Was droping bomb on Hiroshima in 1945 evil?

by new hope and happiness 108 Replies latest jw friends

  • Band on the Run
    Band on the Run

    LeMay who stirred up all the trouble in the 1960s. Didn't he run with Goldwater? LeMay elected a Democrat! His remarks were so silly and imprudent. What a small world.

  • new hope and happiness
    new hope and happiness

    i started this thread based on a picture i saw of a mother holding a child as she fled the bomb. So what a great site this is ...so many answers to a subject i was ignorent on. Now reading the thread i ask myself was America the devil? Or was it two sixes and nine. Anyway my thought is so many of those children who were bombed were children with childish thoughts. Yet they never grew old and missed summer vacations with mum and dad because they were killed in that nightmarish, hellisj experience. If Truman didnt fuck up, tjen America did and if America didn't HUMANItY did...but i tell you what, i once justified this EVIL ...i called it Armageddon. uggggggg

  • Bart Belteshassur
    Bart Belteshassur

    James Brown - Have you got a name of the passeger ship involved, interested in that comment?

    BB

  • James Brown
    James Brown

    Bart.

    The Lusitania.

  • Finkelstein
    Finkelstein

    It bares to keep in mind that Japan was invading much of the surrounding countries in Asia including China and causing enormous damage to those countries.

    Japan was very much the aggressor in that part of the world, so there was a bit of appropriately deemed retribution to be paid for that aggression.

    Historically Hiroshima and Nagasaki were actions of showing the power of theses bombs but also as a point of retribution for what Japan had done in the previous years.

    .

    The decision was made with the initiative of abruptly stopping the war and with the intent of not having any further US military casualties.

    The US could have pressed on by using conventional military armament by the cost in lives would have been knowingly greater.

    .

    Those particular bombings also showed to the world just how destructive they were which inadvertently kept certain nations from actually going to war from

    the knowing power and capability of nuclear armament.

  • prologos
    prologos

    Yes, the lesser of 3 evils, and

    It was the leader's families that would be the next targets in a nuclear exchange, It was no longer the rank& File that were burned to a crisp.

    The leaders had become the prime targets, that gave them this epiphany of restraint.

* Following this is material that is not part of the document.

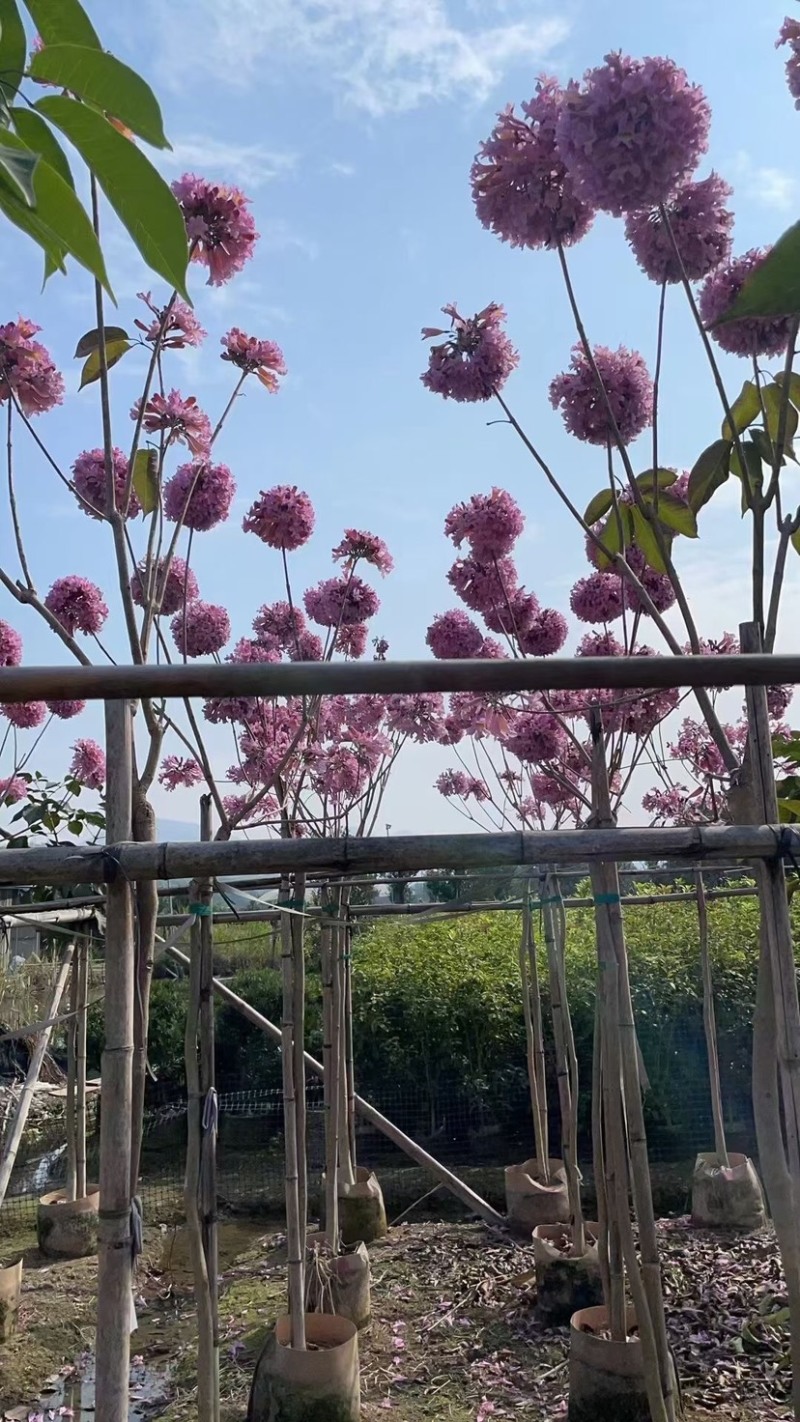 绣球紫花风铃木基地直销，一手货源规格齐全欢迎老板来电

    Had the war dragged on without those new means, the victims would have died similar deaths anyway.

  • Frazzled UBM
    Frazzled UBM

    I have been to the Hiroshima Peace Museum - it is very moving. The killing and inflicting of radiation sickness on thousands of innocent people including children was morally repugnant.

    BUT I do not agree with the concept that man is evil. Man is capable of both great cruelty and savagery and also great humanity, compassion and self-sacrifice. To say man is either basically evil or basically good is an oversimplification.

  • new hope and happiness
    new hope and happiness

    Frazzled to make my point may i say:-

    Your above statement was false.

    Now if your above statement was false, that must also be a TRUE statement.

    Yes i agree with you " basically evil or good is an over simplification"

  • Bart Belteshassur
    Bart Belteshassur

    JB - The Lusitania was sung in 1915, and America did not enter the war until 1917. This event had little to do with America entering the second world war I am afraid, so I don't really get the point of bringing it up.

    BB

  • Frazzled UBM
    Frazzled UBM

    Good and evil are moral concepts - they result from humans applying values to behaviour and making moral judgements. The debate on this thread reflects that. Is there behaviour that is 'inherently evil'? This is an interesting question - while morality varies a lot between cultures there appears to be a consensus that murder not in self-defence is wrong unless it is sanctioned by the State (war or the death penatly). Is this a natural law or is it a form of societal self-preservation - i.e. our mutual security dictates that we prohibit murder. The fact that we have a form of State-sanctioned murder suggests the latter.